Figure 5.40 Probability functions for noise shaping

Requantization without dithering, with dithering, and with dithering and noise shaping are compared in Figure 5.41.   A 16-bit audio file has been requantized to 4 bits (an unlikely scenario, but it makes the point).   From these graphs, it may look like noise shaping adds additional noise. In fact, the reason the noise graph looks more dense when noise shaping is added is that the frequency components are higher.

Figure 5.41 Comparison of requantization without dithering, with dithering, and with dithering and noise shaping

To examine this more closely, we can extract the noise into a separate audio file by subtracting the original file from the requantized one. We’ve done this for both cases – noise from dither, and noise from dither and noise shaping. (The noise includes the quantization error.) Closeups of the noise graphs are shown in Figure 5.42. What you should notice is that dither-with-noise-shaping noise has higher frequency components than dither-only noise.

Figure 5.42 Closeup of noise from dither and noise from dither with noise shaping (quantization noise included)

You can see this also in the spectral view of the noise files in Figure 5.43. In a spectral view of an audio file, time is on the x-axis, frequency is on the y-axis, and the amplitude of the frequency is represented by the color at each (x,y) point. The lowest amplitude is represented by blue, medium amplitudes move from red to orange, and the highest amplitudes move from yellow to white. You can see that when dithering alone is applied, the noise is spread out over all frequencies. When noise shaping is added to dithering, there is less noise at low frequency and more noise at high frequency.

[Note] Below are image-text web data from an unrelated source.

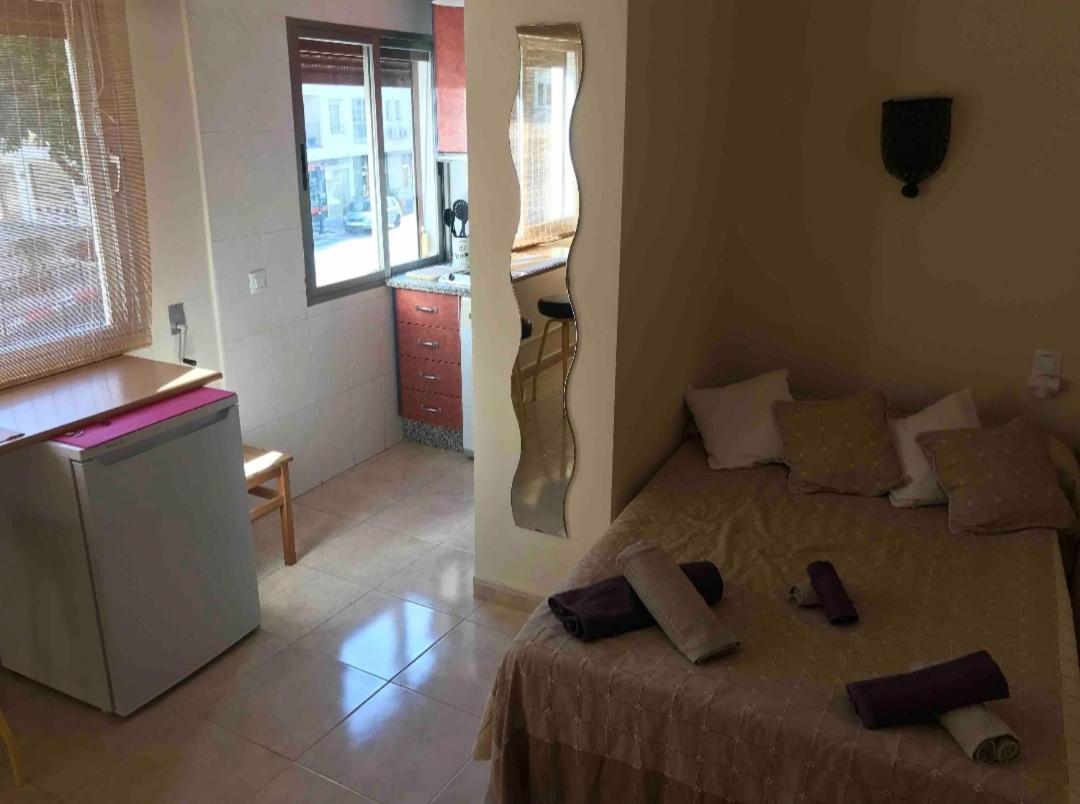 אסטפונה Apartamentos Real 81 מראה חיצוני תמונה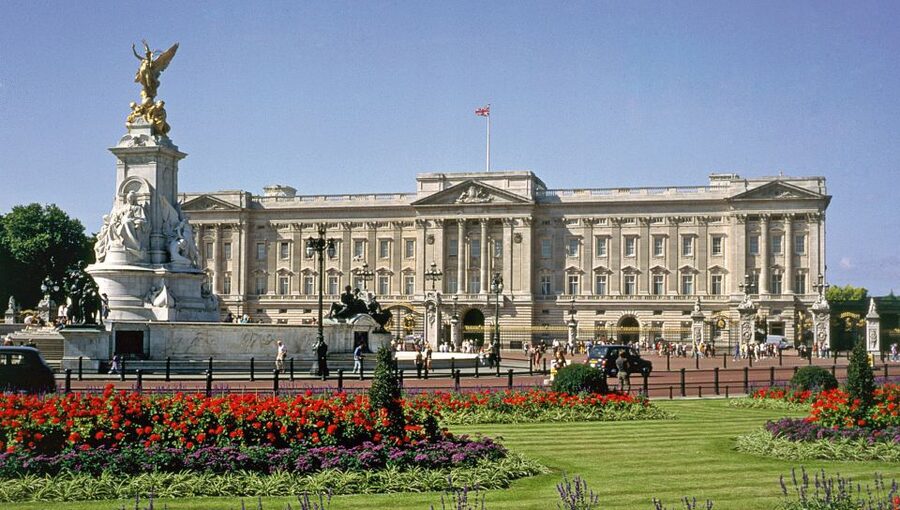 Buckingham Palace and Stonehenge Tour - Should you book this Buckingham Palace and Stonehenge tour?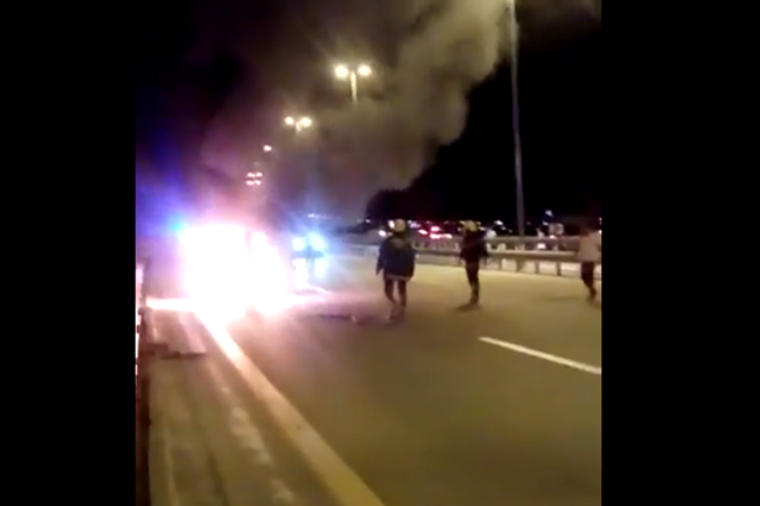 Zığ şossesində hərəkət edən maşın öz-özünə yandı — YANĞINDAN VİDEO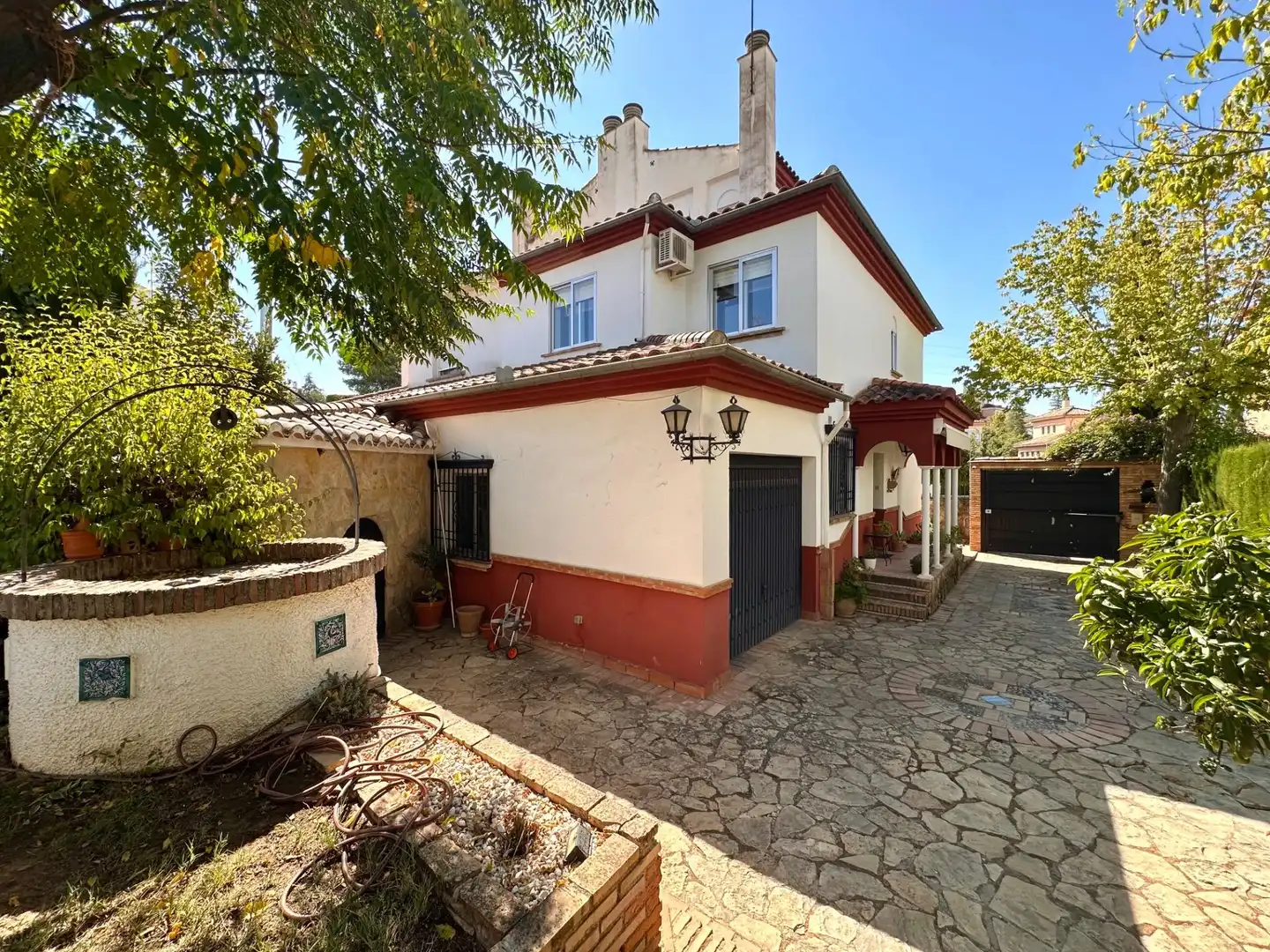 Villa con piscina in vendita a Calle MAGNOLIOS UR.MONTELUZ, imagen 34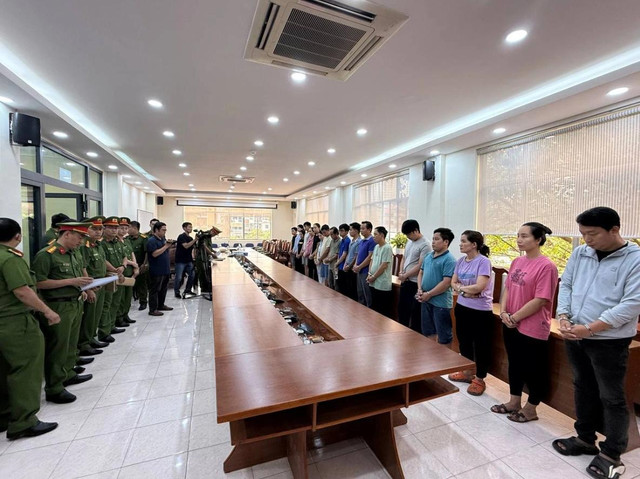 Công an TPHCM triệt phá hàng loạt đường dây thuốc giả quy mô lớn Cong an TPHCM triet pha hang loat duong day thuoc gia quy mo lon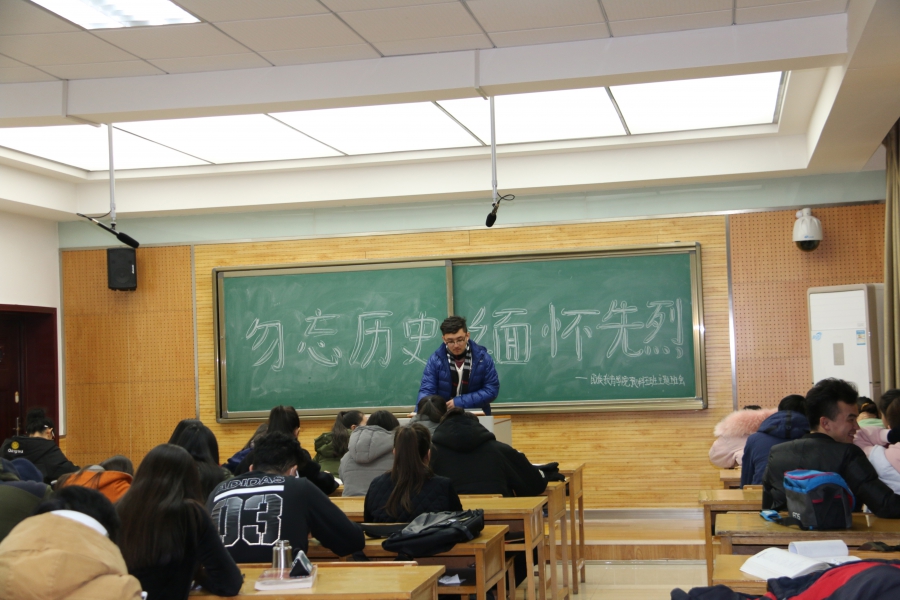 观影.jpg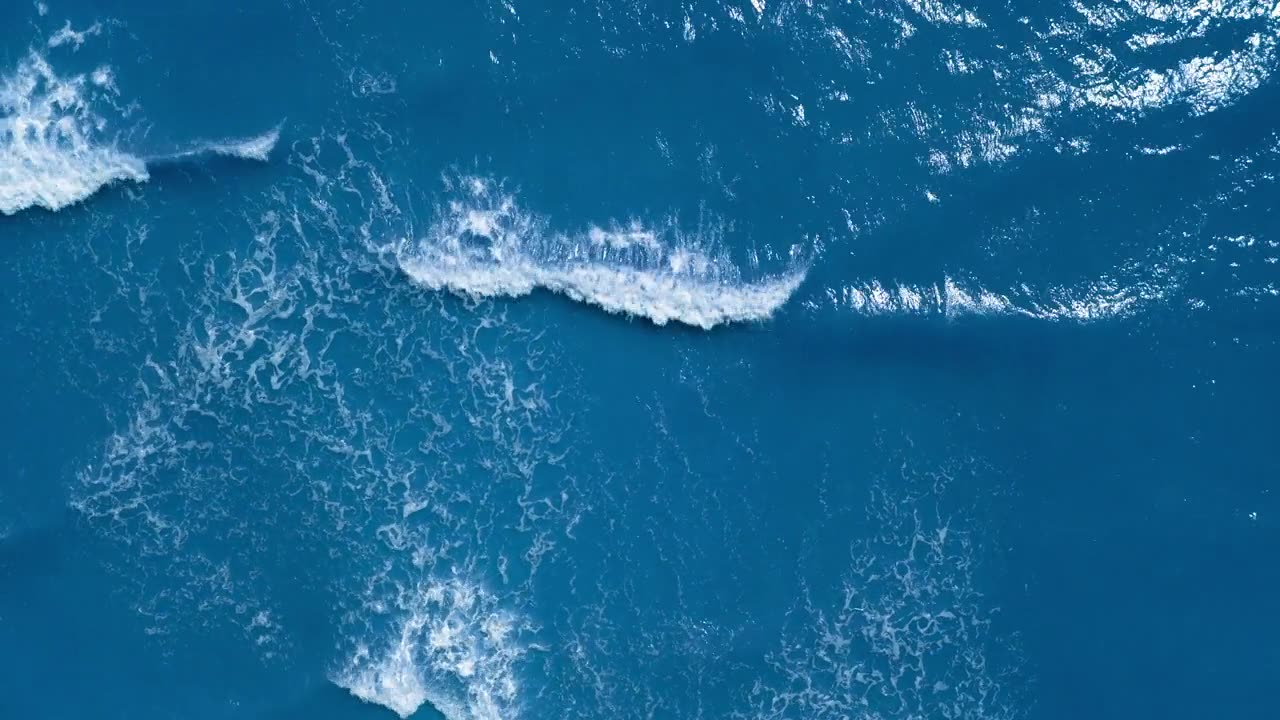 詳情圖-鳥瞰?；蚝Ｑ笈c美麗的波浪圖案和海泡沫。在夏天，無盡的海藍(lán)寶石藍(lán)色或藍(lán)綠色海水的景觀。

The effect is to pull more of the noise to high frequencies, where it is noticed less by human ears. (ADCs also can filter out the high frequency noise if it is above the Nyquist frequency.)

Figure 5.43 Spectral view of noise from dithering and noise from dithering with noise shaping (quantization noise included)

Noise shaping algorithms, first developed by Cutler in the 1950s, operate by computing the error from quantizing a sample (including the error from dithering and noise shaping) and adding this error to the next sample before it is quantized. If the error from the ith sample is positive, then, by subtracting the error from the next sample, noise shaping makes it more likely that the error for the i+1st sample will be negative. This causes the error wave to go up and down more frequently; i.e., the frequency of the error wave is increased. The algorithm is given in Algorithm 5.2. You can output your files as uncompressed RAW files, import the data into MATLAB, and graph the error waves, comparing the shape of the error with dither-only and with noise shaping using various values for c, the scaling factor. The algorithm given is the most basic kind of noise shaping you can do. Many refinements and variations of this algorithm have been implemented and distributed commercially.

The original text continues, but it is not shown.